Surfing Secrets.

AuthorDePalma, Jennifer
PositionReview

The multiple meanings of online privacy

The Hundredth Window: Protecting Your Privacy and Security in the Age of the Internet, by Charles Jennings and Lori Fena, New York: The Free Press, 278 pages, $26

Internet privacy isn't just one debate, it's several. One involves how much information an e-business should be allowed to require of its customers, and what it should be allowed to do with the data it collects. (Does a Web site, say, have the right to pass data along to third parties?) Another debate centers around when the government should have access to information shared online. Then there's online anonymity: Should people be allowed to post e-mails or Web pages under false names?

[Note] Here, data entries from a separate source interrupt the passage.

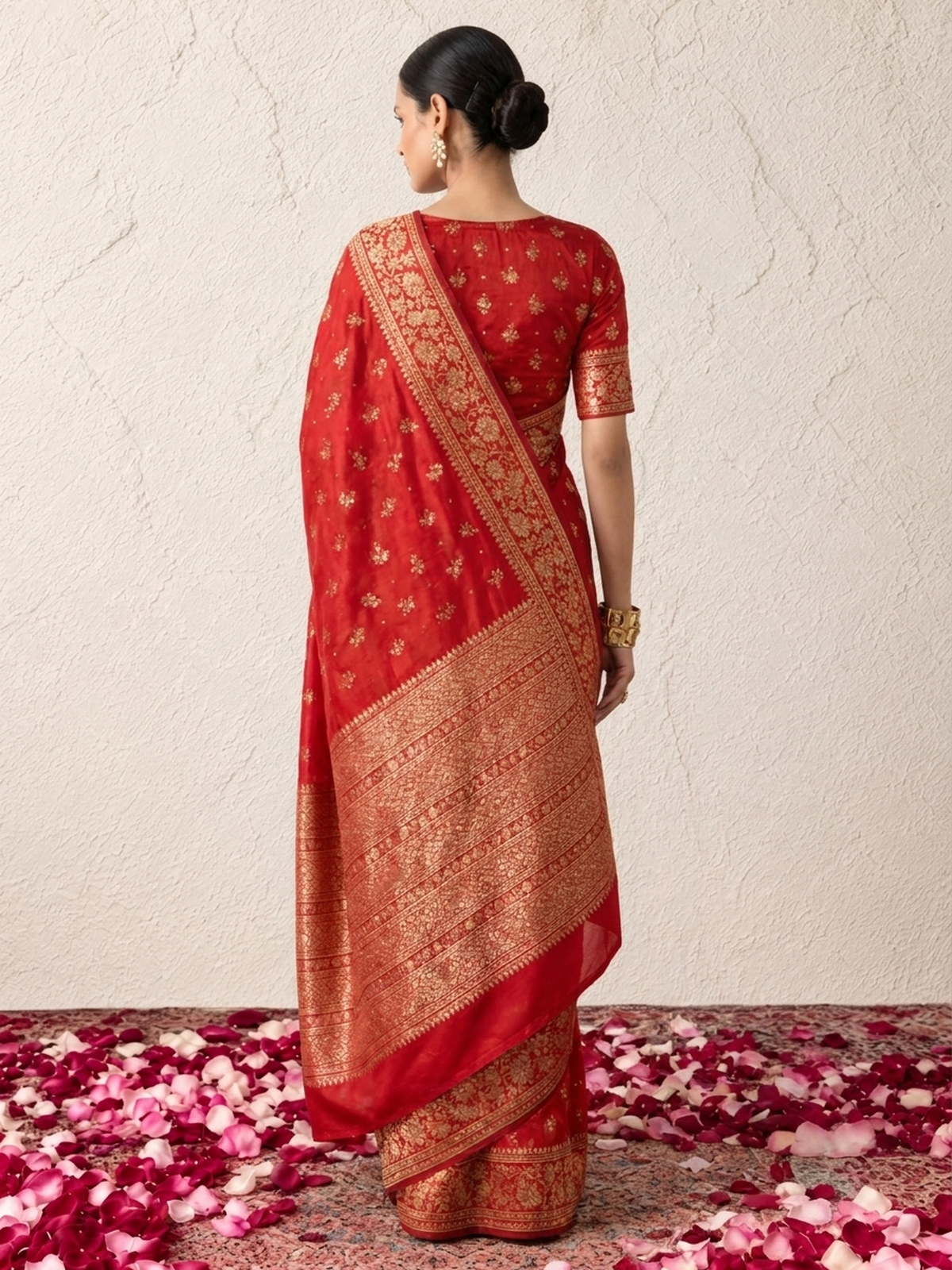 Red Pure Silk Saree with Meenakari and Blouse Fabric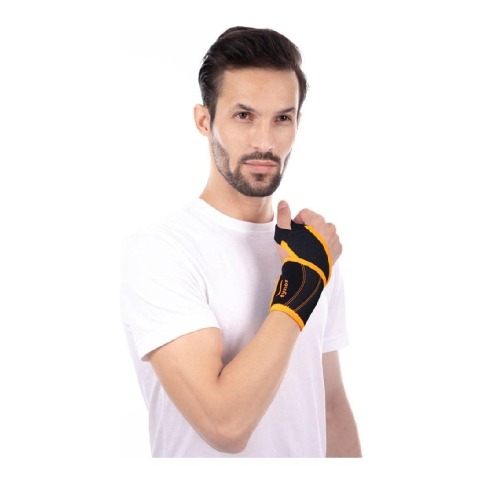 1 - Tynor Wrist Support with Thump Loop (Neo),  Black with Orange  Universal 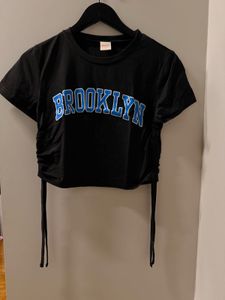 URBANIC Black crop tee with knot detail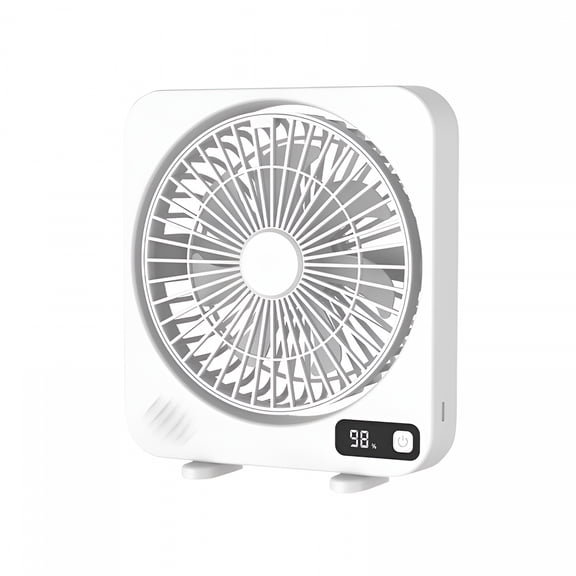 MONTERA 2026 New 13.6 Inch Portable Table Fan, Digital Small Box Fan with 5 Powerful Speeds for Home Office Bedroom Bathroom Kitchen, White, 1 Pcs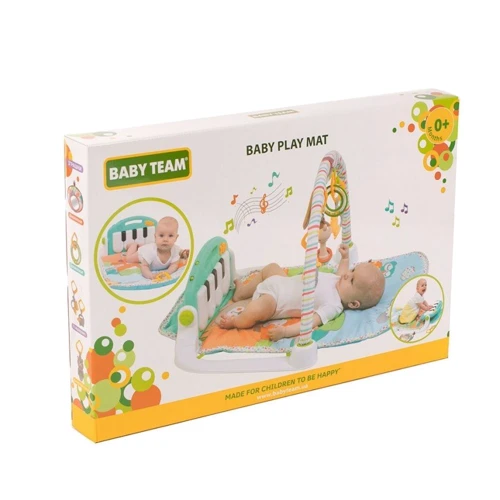 Развивающий коврик музыкальный Baby Team (8567): Особенности музыкальное сопровождение, игровые дуги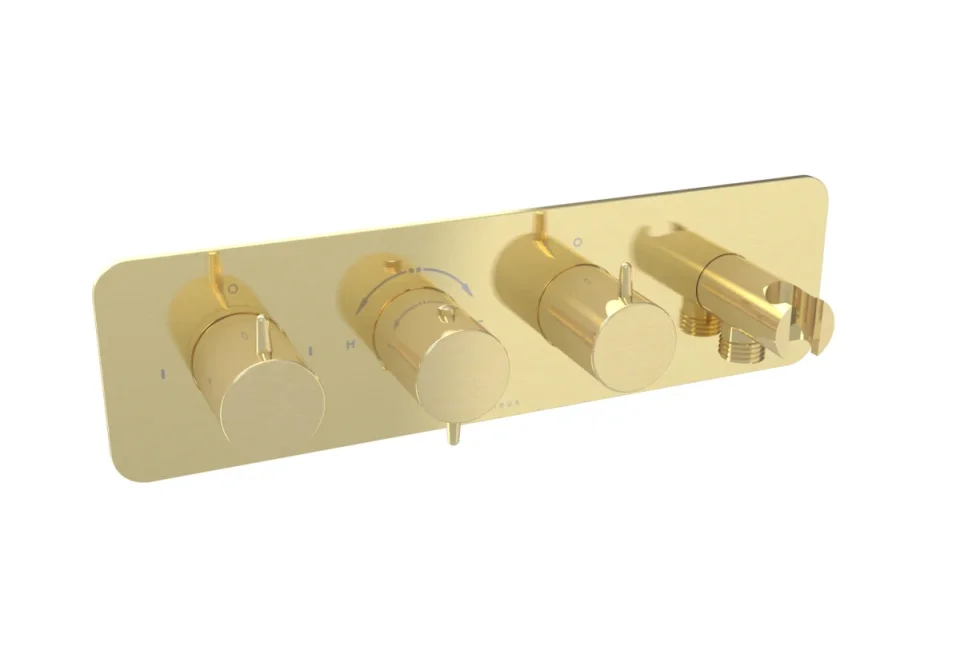Saneux Eden 3 Way Handles & Plate Finish Kit In Landscape With Outlet Elbow (for Ed021l.h.bb) - Brushed Brass (pvd) product image - Image 4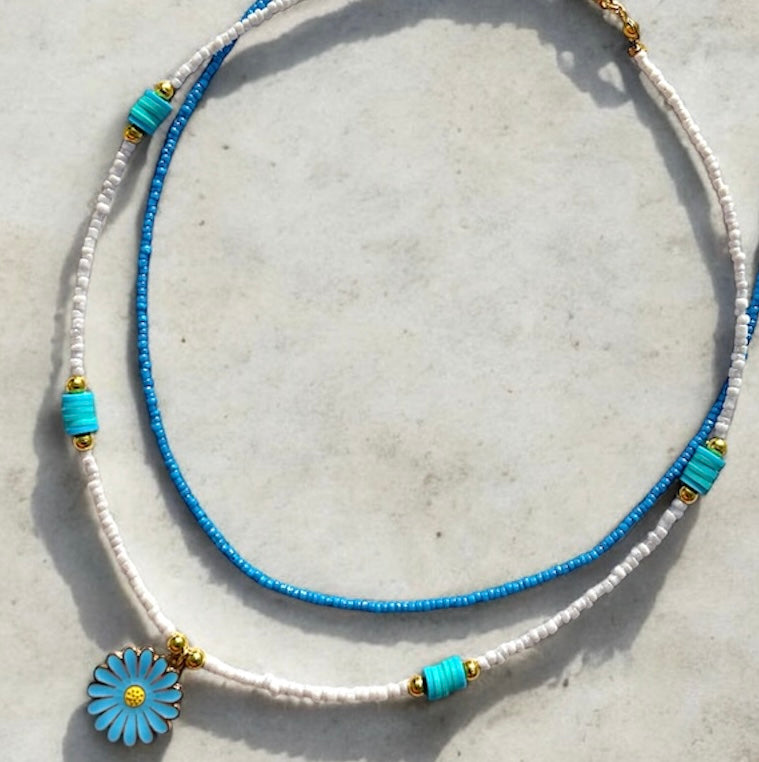 Blue Bloom Stack Necklaces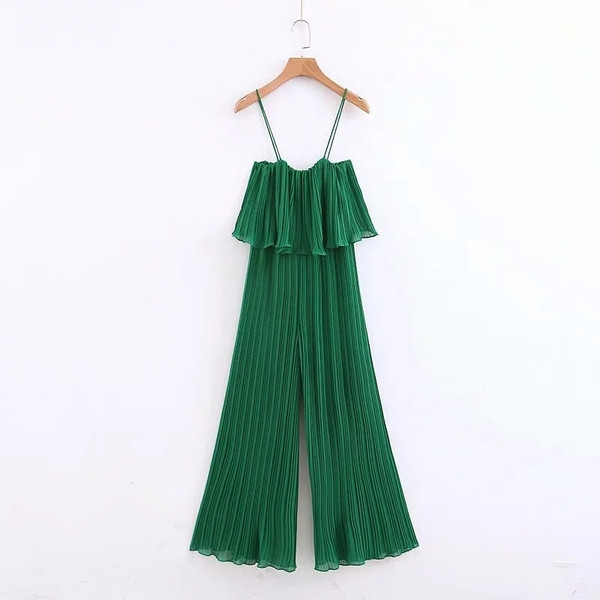 Aktuális női redős overall zöld színben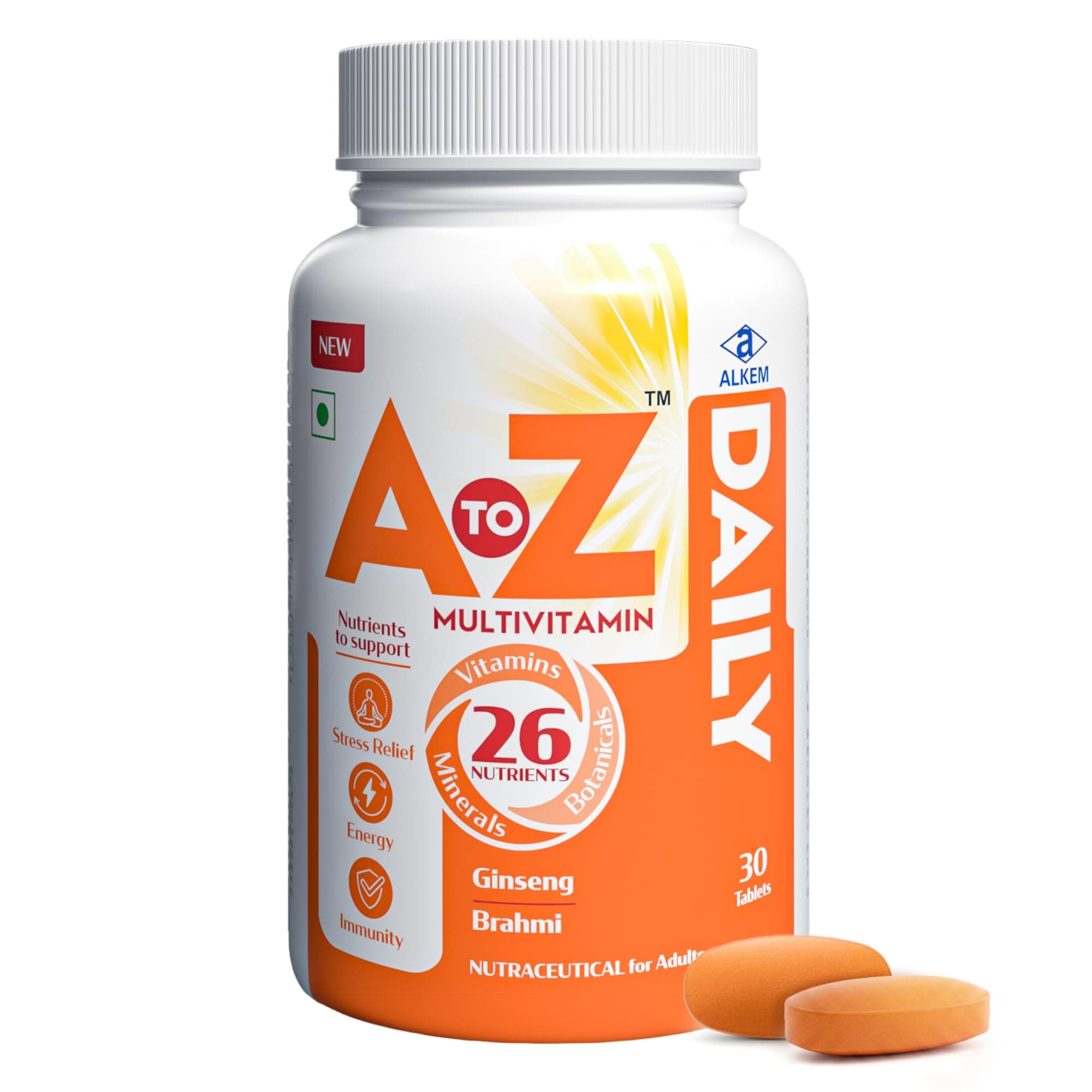 A to Z Daily Multivitamin & Multimineral Tablets | 26 Essential Vitamins & Minerals with Ashwagandha, L-Theanine, Brahmi & Ginseng | Complete Daily Nutrition for Energy, Immunity & Overall Wellness | Multivitamin for Men & Women | 30 Veg Tablets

What should be the legal repercussions of giving a site false information?

And don't forget things like firewalls that protect sites from unwanted visitors and encryption tools that keep data and information top secret. The police want to be able to search networks for illegal activity (gambling, child pornography, hacking, etc.). They therefore dislike the idea of strong encryption--or would at least like a guaranteed means of breaking that encryption should the need arise. But weaker encryption increases the chances that your privacy will be violated-that someone else will get access to the information you transmit online.

It's an important set of arguments. Many people understandably dislike the thought of corporations or the government amassing detailed profiles of them: Even if the profile keepers have the best of intentions, there's still the possibility of stolen identity or wrongful accusation. How receptive consumers are to e-commerce depends on how secure they feel using it. On the other hand, such information is valuable to companies: It helps them learn what their consumers want and improve their products.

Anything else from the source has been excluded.